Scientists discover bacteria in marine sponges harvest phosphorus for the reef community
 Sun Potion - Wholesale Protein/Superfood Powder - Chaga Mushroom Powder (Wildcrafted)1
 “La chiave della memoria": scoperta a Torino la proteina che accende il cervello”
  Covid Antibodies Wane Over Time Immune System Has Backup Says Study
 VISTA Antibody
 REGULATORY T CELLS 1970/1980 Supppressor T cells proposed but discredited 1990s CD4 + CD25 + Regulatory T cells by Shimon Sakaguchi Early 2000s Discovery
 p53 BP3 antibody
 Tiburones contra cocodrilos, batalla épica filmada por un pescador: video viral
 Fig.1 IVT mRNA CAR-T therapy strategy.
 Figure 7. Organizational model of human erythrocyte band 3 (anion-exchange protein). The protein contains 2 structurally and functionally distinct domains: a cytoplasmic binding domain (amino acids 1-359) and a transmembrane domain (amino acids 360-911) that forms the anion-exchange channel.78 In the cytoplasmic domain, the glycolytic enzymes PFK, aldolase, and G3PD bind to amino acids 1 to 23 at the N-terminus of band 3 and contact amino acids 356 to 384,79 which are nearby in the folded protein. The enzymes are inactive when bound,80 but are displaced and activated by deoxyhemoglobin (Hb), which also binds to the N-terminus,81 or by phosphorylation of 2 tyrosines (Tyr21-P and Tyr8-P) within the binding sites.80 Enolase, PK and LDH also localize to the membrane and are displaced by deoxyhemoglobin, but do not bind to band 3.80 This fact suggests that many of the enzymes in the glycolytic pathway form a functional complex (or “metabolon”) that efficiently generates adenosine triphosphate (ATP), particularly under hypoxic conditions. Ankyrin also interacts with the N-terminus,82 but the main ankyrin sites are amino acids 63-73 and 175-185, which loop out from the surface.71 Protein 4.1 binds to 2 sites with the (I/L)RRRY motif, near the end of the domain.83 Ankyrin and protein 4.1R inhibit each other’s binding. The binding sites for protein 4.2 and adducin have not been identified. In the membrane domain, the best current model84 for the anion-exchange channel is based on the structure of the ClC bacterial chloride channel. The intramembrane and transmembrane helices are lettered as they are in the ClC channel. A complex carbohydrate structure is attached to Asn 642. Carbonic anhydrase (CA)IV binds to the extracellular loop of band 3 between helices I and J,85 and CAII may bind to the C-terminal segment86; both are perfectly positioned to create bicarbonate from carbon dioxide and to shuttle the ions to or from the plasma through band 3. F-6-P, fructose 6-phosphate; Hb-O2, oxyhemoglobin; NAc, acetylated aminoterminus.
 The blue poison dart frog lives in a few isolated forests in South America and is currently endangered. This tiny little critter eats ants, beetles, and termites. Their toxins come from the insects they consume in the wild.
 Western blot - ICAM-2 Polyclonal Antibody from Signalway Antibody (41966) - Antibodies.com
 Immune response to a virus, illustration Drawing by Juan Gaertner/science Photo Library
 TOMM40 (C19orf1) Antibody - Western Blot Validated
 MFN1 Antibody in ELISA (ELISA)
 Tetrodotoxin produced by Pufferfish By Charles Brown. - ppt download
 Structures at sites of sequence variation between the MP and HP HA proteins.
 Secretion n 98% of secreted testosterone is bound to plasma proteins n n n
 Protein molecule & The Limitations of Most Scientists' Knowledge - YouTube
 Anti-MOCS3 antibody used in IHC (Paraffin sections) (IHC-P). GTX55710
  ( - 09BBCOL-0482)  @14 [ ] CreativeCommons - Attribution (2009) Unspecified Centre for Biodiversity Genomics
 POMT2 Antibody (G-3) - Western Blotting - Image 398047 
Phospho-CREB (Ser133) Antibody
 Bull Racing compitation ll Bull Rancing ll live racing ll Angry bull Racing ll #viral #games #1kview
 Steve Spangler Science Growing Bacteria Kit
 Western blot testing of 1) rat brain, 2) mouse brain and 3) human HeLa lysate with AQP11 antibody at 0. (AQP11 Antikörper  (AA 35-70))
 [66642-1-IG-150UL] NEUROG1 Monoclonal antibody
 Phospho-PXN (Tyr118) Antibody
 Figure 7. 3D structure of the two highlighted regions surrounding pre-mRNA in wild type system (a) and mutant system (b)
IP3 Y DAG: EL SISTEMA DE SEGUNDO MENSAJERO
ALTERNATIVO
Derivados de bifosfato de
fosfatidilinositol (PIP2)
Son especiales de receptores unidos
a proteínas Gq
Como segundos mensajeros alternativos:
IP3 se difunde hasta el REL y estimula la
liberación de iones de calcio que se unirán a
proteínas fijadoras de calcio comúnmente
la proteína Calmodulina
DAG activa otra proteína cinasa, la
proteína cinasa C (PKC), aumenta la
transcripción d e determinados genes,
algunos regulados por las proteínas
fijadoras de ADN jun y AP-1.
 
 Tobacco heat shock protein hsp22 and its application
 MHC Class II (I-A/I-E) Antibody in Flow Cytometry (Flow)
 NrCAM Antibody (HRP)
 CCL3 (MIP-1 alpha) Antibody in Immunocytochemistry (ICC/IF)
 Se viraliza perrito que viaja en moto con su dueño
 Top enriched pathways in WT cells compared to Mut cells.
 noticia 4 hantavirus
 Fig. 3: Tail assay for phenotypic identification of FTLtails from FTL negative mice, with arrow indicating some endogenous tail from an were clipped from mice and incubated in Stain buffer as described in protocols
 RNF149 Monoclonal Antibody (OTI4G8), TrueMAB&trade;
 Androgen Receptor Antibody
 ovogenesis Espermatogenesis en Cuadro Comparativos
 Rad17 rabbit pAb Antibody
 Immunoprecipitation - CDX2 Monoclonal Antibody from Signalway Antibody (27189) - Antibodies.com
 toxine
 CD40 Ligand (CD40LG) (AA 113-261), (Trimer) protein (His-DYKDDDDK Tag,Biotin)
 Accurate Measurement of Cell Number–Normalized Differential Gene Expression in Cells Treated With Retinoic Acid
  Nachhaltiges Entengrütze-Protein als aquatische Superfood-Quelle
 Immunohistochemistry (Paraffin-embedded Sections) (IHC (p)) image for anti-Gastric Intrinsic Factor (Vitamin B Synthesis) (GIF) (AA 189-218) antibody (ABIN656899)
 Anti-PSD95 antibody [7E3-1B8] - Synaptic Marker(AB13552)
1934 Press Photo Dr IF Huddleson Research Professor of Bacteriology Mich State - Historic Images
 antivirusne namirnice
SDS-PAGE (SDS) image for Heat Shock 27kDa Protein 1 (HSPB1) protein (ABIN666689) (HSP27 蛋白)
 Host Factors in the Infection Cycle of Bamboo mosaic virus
· · · · · · ·
● **PROBLEM TO SOLVE**
Without changing anything, quote the lines from the top of the data to the line that contains "Fig.1 IVT mRNA CAR-T therapy strategy.", including that line.

● **RESPONSE BOX**
Scientists discover bacteria in marine sponges harvest phosphorus for the reef community
 Sun Potion - Wholesale Protein/Superfood Powder - Chaga Mushroom Powder (Wildcrafted)1
 “La chiave della memoria": scoperta a Torino la proteina che accende il cervello”
  Covid Antibodies Wane Over Time Immune System Has Backup Says Study
 VISTA Antibody
 REGULATORY T CELLS 1970/1980 Supppressor T cells proposed but discredited 1990s CD4 + CD25 + Regulatory T cells by Shimon Sakaguchi Early 2000s Discovery
 p53 BP3 antibody
 Tiburones contra cocodrilos, batalla épica filmada por un pescador: video viral
 Fig.1 IVT mRNA CAR-T therapy strategy.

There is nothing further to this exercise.